Opinion
Submitted March 29, 2000.
May 8, 2000.
In an action to recover damages for personal injuries, Alexander Dranov, the plaintiff's former attorney, appeals from an order of the Supreme Court, Kings County (Reinaldo E. Rivera, J.), dated June 25, 1999, which, upon a motion by Baron Associates, P.C., the plaintiff's current attorney, for, inter alia, a determination of the former attorney's right to a retaining or charging lien and the amount of counsel fees, if any, due the former attorney, determined, inter alia, that the former attorney had no right to a retaining or charging lien and that, absent a hearing, the former attorney was not entitled to additional counsel fees.
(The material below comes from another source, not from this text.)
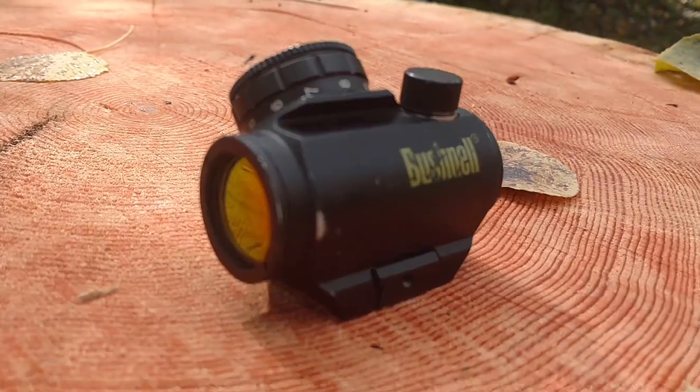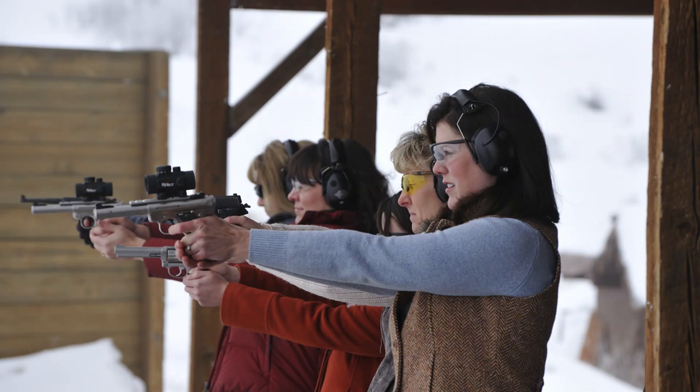This is Shepard Humphreys with the Jackson Hole Shooting Experience. Five or six years ago, I purchased a couple Bushnell Trophy red dot sights for use on our .22 calibers. We had one mounted on a Ruger Mark III pistol for a while, then on the Savage bolt action, and then on the Ruger 10-22. For the last three or four years, we've had two of them mounted on two different Ruger 10-22s, and they have been awesome.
Alexander Dranov, Fort Lee, N.J., nonparty appellant pro se.
Baron Associates, P.C., Brooklyn, N.Y. (Warren Zwirn of counsel), nonparty respondent pro se.
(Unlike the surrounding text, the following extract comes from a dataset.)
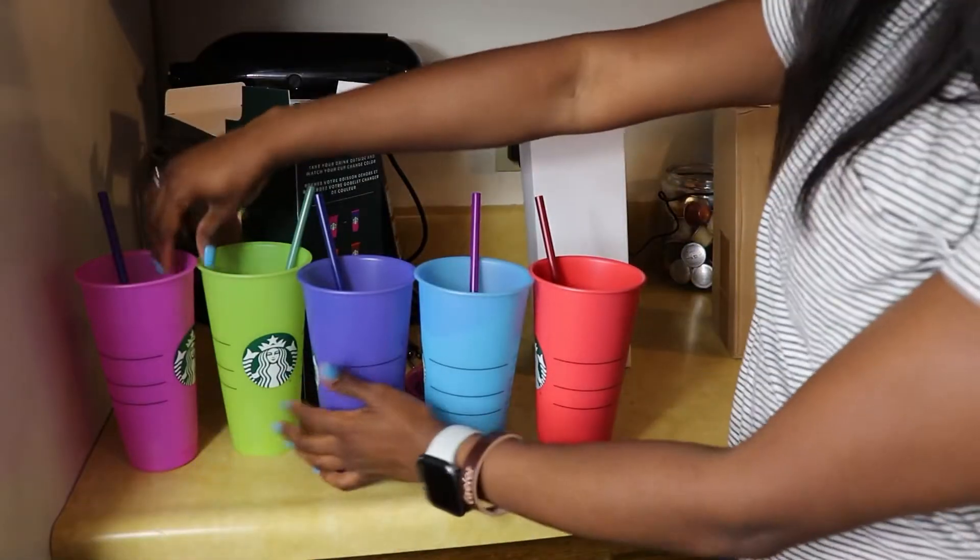Oh, these are the cups in their original form. Other than that, I hope you enjoyed this video. Thank you so much for watching. Remember to like, subscribe, and comment. And again, I hope you guys have a good release day. Bye!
GUY JAMES MANGANO, P.J., FRED T. SANTUCCI, GABRIEL M. KRAUSMAN, ANITA R. FLORIO, ROBERT W. SCHMIDT, JJ.
DECISION ORDER
ORDERED that the appeal from so much of the order as declined to impose sanctions upon the former attorney is dismissed, as the former attorney is not aggrieved by that portion of the order; and it is further,
ORDERED that the order is affirmed insofar as reviewed; and it is further,
ORDERED that the nonparty respondent is awarded one bill of costs.
The Supreme Court properly determined that the plaintiff's former attorney, Alexander Dranov, was not entitled to a retaining lien on the file of his client because, upon his discharge without cause, Dranov turned over the file to the plaintiff's present attorney, the law firm of Baron Associates, P.C. (see, Lai Ling Cheng v. Modansky Leasing Co., 73 N.Y.2d 454, 459; Lebovic v. P. Ballantine Sons, Inc., 12 A.D.2d 494). In addition, the court properly determined that Dranov was not entitled to a charging lien because he did not commence this action prior to his discharge (see, Judiciary Law § 475; Lebovic v. P. Ballantine Sons, Inc., supra; Matter of Robinson, 100 A.D.2d 724, 725).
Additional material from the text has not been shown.